Thank you for viewing my presentation. Here's what I would like to know from you: What are your thoughts about the deaths of the Deepwater Horizon explosion?

To respond to my prompt and to submit any additional comments, questions or personal accounts related to my speech topic, please post in my discussion forum on the “Oil Spill Anniversary Conference” Facebook page. If you do not have a Facebook account, please e-mail me at speechstudentconference@gmail.com instead from your personal e-mail account. Please put my name in the e-mail title, so I’m sure to receive your message.

On Wednesday, April 20, 2011, at
9:00–10:15 a.m., I will be online to interact with you live via Facebook or e-mail depending on what works best for you. I’m looking forward to communicating with you at that time. Thank you!

- Brittney

 

 March 21, 2010 – Final Draft

 

(1)   Brittney Aeschliman-Gilliam

(2)   The Horizon’s Forgotten Eleven: April 20, 2010

(3)   To inform

(4)   As a result of my presentation, my audience will be able to describe the eleven men who lost their lives on April 20, 2010 for the Deepwater Horizon explosion.

 

INTRODUCTION

(5)   [PP Cover Slide] Merriam-Webster Dictionary defines someone who is forgotten as “a person or category of persons that receive less attention than is merited.” [PP photo: Each of the men to flash through and present them] Jason Anderson [pause], Dale Burkeen [pause]Donald Clark [pause], Stephen Curtis [pause], Gordon Jones [pause], Roy Wyatt Kemp [pause], Karl Kleppinger [pause], Blair Manuel [pause], Dewey Revette [pause], Shane Roshto [pause], Adam Weise [pause].  These are the eleven who lost their lives on the Deepwater Horizon explosion.  [PP text: put text up so audience has something to see and grasp onto].  They were quickly forgotten as WUWF News Director Sandra Averhart said when asked: “The deaths got lost somewhat by the magnitude of the spill and its wide ranging impacts on the environment/ecology of the gulf, tourism/economy, and seafood safety.”
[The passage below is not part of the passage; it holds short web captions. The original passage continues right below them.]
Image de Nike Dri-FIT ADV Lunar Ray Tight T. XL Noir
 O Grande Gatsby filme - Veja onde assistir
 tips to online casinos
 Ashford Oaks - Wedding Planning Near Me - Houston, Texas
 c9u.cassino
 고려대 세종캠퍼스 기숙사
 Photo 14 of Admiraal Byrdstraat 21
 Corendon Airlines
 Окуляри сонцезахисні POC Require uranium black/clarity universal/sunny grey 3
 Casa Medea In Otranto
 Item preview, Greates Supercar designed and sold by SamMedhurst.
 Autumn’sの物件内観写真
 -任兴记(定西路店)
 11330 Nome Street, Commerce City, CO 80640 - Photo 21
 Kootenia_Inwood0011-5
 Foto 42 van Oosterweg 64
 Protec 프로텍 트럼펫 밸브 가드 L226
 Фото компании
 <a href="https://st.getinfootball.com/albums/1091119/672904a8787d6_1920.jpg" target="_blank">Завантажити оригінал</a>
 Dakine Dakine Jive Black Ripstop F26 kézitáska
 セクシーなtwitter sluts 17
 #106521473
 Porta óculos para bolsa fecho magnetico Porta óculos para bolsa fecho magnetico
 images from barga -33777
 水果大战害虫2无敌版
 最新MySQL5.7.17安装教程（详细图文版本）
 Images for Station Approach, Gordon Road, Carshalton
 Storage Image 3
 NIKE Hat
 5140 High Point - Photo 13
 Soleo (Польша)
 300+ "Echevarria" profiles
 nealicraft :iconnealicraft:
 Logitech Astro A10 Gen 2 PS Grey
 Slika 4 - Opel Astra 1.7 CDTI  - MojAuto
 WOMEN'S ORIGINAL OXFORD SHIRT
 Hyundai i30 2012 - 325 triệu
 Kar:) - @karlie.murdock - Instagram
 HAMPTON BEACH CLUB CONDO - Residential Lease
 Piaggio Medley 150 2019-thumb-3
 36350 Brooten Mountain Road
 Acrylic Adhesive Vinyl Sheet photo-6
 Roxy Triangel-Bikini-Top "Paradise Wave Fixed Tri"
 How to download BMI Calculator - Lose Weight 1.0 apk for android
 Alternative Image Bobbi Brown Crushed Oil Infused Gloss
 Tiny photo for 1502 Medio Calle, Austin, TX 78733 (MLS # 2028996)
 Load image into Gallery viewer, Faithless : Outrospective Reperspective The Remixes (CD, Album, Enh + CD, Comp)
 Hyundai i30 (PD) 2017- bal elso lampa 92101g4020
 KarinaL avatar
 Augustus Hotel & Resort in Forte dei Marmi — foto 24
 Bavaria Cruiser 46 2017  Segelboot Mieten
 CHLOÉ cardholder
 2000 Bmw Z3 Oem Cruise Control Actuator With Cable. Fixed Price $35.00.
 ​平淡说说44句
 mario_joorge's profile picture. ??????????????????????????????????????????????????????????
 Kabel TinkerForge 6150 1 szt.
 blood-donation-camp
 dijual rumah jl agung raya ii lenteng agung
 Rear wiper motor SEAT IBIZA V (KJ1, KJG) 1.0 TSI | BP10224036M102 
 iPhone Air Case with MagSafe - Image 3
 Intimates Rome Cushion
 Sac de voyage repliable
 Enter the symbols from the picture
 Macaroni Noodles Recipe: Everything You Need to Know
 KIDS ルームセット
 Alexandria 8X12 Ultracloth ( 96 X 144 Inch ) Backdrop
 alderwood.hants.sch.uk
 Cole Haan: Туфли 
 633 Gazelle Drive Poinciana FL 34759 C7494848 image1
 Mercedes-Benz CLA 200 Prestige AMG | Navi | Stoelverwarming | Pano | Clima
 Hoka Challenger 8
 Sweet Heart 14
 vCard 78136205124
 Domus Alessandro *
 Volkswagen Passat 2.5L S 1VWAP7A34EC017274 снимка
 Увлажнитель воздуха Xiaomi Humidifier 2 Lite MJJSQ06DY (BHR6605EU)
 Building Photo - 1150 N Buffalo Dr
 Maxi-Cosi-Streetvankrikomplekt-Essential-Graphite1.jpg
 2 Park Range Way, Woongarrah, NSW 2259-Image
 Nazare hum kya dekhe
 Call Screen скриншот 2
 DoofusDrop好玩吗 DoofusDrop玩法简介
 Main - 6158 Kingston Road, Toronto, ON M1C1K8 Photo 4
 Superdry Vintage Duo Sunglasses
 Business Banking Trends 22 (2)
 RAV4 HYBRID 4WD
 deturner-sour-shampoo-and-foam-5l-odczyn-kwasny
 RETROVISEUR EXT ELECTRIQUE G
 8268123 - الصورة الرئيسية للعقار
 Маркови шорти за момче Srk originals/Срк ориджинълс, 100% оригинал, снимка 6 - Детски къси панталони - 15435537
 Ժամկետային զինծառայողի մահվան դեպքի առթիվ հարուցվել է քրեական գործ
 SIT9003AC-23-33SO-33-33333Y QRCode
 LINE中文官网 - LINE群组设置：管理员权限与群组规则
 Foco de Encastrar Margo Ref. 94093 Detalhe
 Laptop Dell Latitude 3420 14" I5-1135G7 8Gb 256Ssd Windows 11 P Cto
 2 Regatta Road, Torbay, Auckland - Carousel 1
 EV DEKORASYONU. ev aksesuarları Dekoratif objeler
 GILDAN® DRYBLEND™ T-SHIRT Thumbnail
(6)   We can let their memory live and allow them to be greater than the overlooked article of “11 men are dead” on to our next story in today’s news. 

(7)   And I believe that everyone deserves more than to be a statistic.  I feel for the survivors and everything that they have lost. 

(8)   All the hugs that could have been given, are now forever lost.   All the kisses that could have been shared, are now lost at sea.  All the laugher and smiles that could have been graced into these families’ lives, are no longer possible. They are lost and eleven families will never have that again.  Here in this short news clip from a Louisiana local news cast, we are able to see how the families just want the hope of remembrance for their loved ones. [PP video: news clip saying families want their loved ones remembered] And these families deserve their wish for remembrance of their loved ones.

(9)   [PP text: We will remember] Today, we will remember.

(10)                       Specifically, we will look at the explosion and how they were lost, who they are by getting to know about each one of them, and the movements from their family, in order to preserve the memories of these 11 roughnecks..

BODY

I.                   The Explosion

At 9:35 PM on April 20, 2010, gas escaping a riser started a series of explosions that left these eleven families in tears and so many more men forever scarred.  [PP photo: Christopher Choy] In NPR’s article, “Rig Blast Survivor: ‘I Thought I Was Going To Die’,” Christopher Choy says, “That’s all that was going through my head was, ‘I’m fixing to die.  This is it.  We’re not gonna get off of here’.”  But it wasn’t just his life at risk, everybody was scared and everyone was panicking.  Choy even recollected watching as one of the crane operator’s fell 50 feet and as he went to rescue him, a fireball erupted in his path and there was no way he could reach him, let alone save him.  In another NPR article, “Rig Survivors Felt Coerced to Sigh Waivers,” attorney Kurt Arnold spoke out on a scene described to him by one of the survivors told of how he was running out, there were men on fire and men missing limbs, “it’s like a warzone.”  [PP photo: explosion photo of the rig] In the middle of the night, chaos erupted and 11 friends were lost in the flames, to only be a memory.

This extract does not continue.